Hunting: Lily Pulls the Trigger
Friday, December 27th, 2013This is Passport to Texas
When you grow up in a hunting family, you learn to (at least) appreciate the tradition.
06—It was so different from what I grew up with and from anything I knew, that I wanted to know more about it.
Journalist Lily Raff McCaulou moved from NYC to Bend Oregon to write for a small newspaper, many readers of which were anglers and hunters. To connect with them and the food she ate, Lily learned to hunt.
22—You know, the locavore movement was starting to take hold, and I’d been a meat eater my whole life, and was wondering: do I really have what it takes to hunt and kill my own meat. And wanting to know what I could get from that experience — and that closeness to my food. So, it was a combination of all these different factors that made me decide this is something that I want to try.
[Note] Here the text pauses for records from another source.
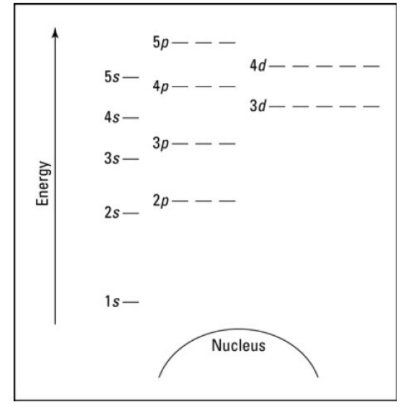 The principle number
The symbol n, is used to label the energy level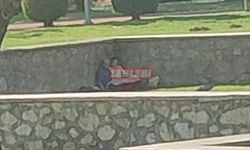 Güpegündüz Parkta İlişki İddiası!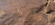 IMG_2599.png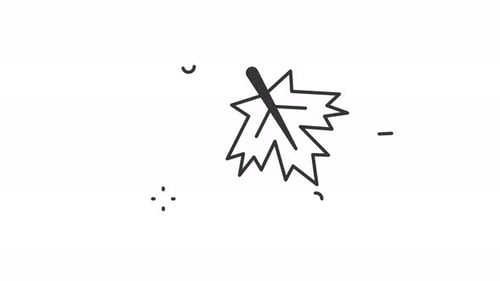 maple leaf fall animation icon illustration motion graphic design video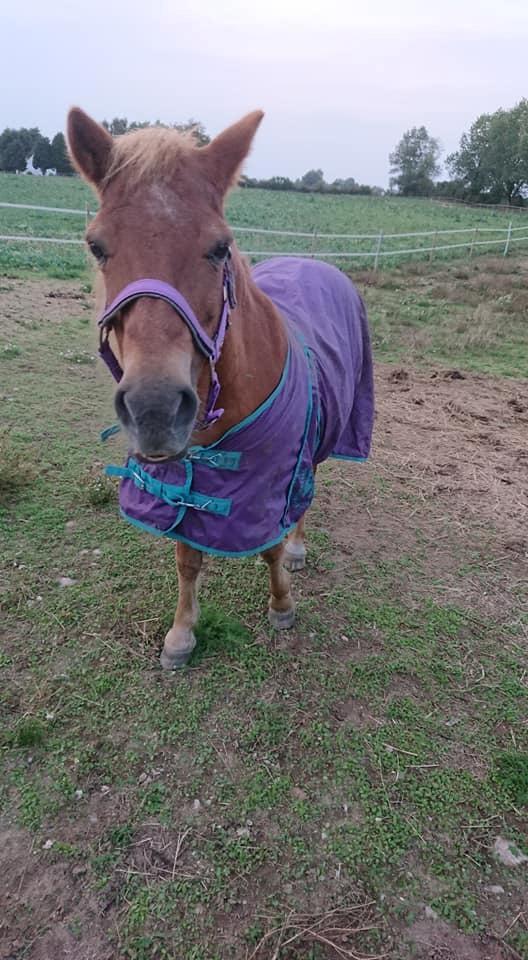 Gotlandsruss Dioni M aka Djuni - September 2018 billede 7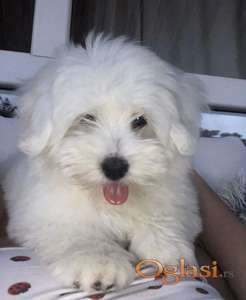 Coton de Tulear (Tulearski pas) štenci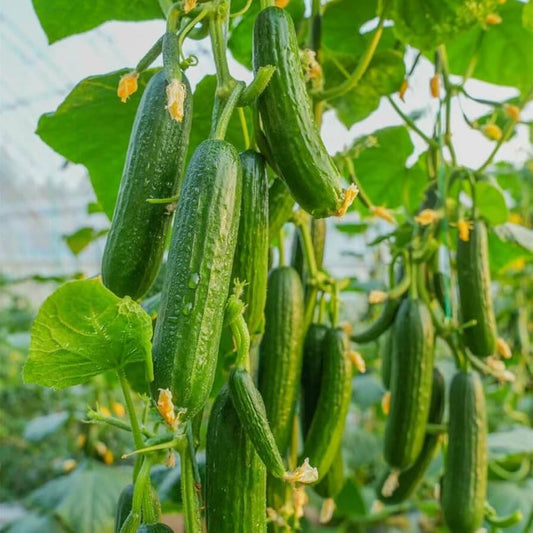 Eureka cucumber seeds - Vegetable Plant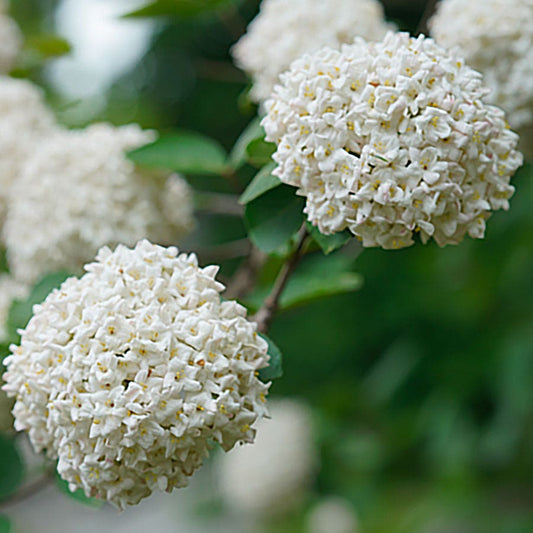 Viburnum Spice Cowboy™ Snowball Bush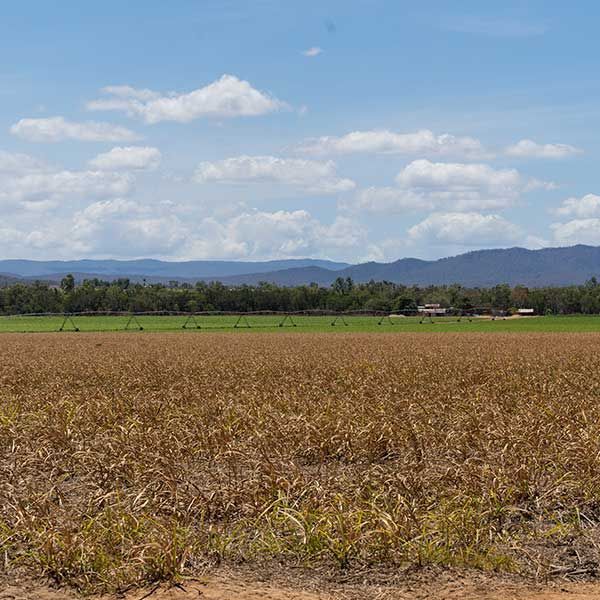 Agricultural Services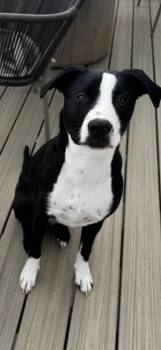 Reggie - Courtesy Listing -  Labrador Retriever Dog for Adoption in Sedalia, Colorado - Reggie - Courtesy Listing | PetCurious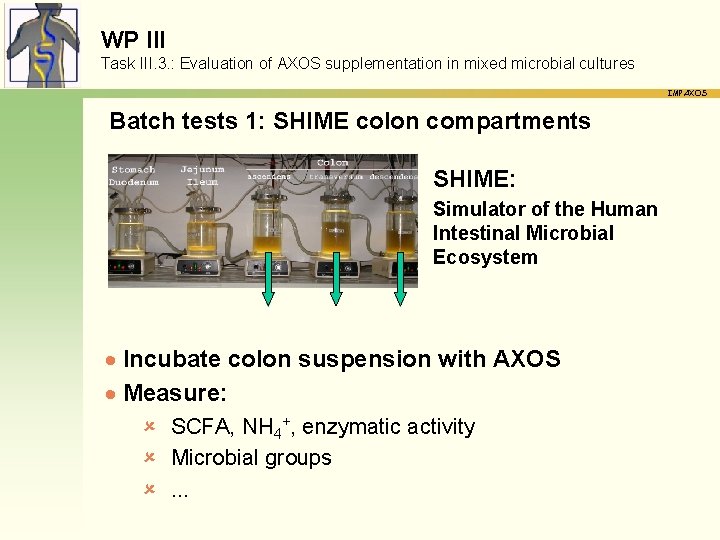 WP III Task III. 3. : Evaluation of AXOS supplementation in mixed microbial cultures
It took a year from the time she completed hunter education, to participating in a pheasant hunt during a Becoming an Outdoors Woman Workshop. Even so, she wasn’t sure she’d take a shot, but then…
25—All the other women in my group had shot a bird, and I just started feeling like, ‘Hey, I’ve come all this way and it’s been a year in the making, and I want to take a shot, too.’ Eventually, all the stars aligned and the dog that I was with sniffed out a bird and held it on point [and when it flushed], and I got it; I took the shot and the bird fell immediately. Rather than feeling all the guilt and remorse, I felt empowered.
Lily Raff McCaulou writes about her experience in her book Call of the Mild.
For Texas Parks and Wildlife…I’m Cecilia Nasti.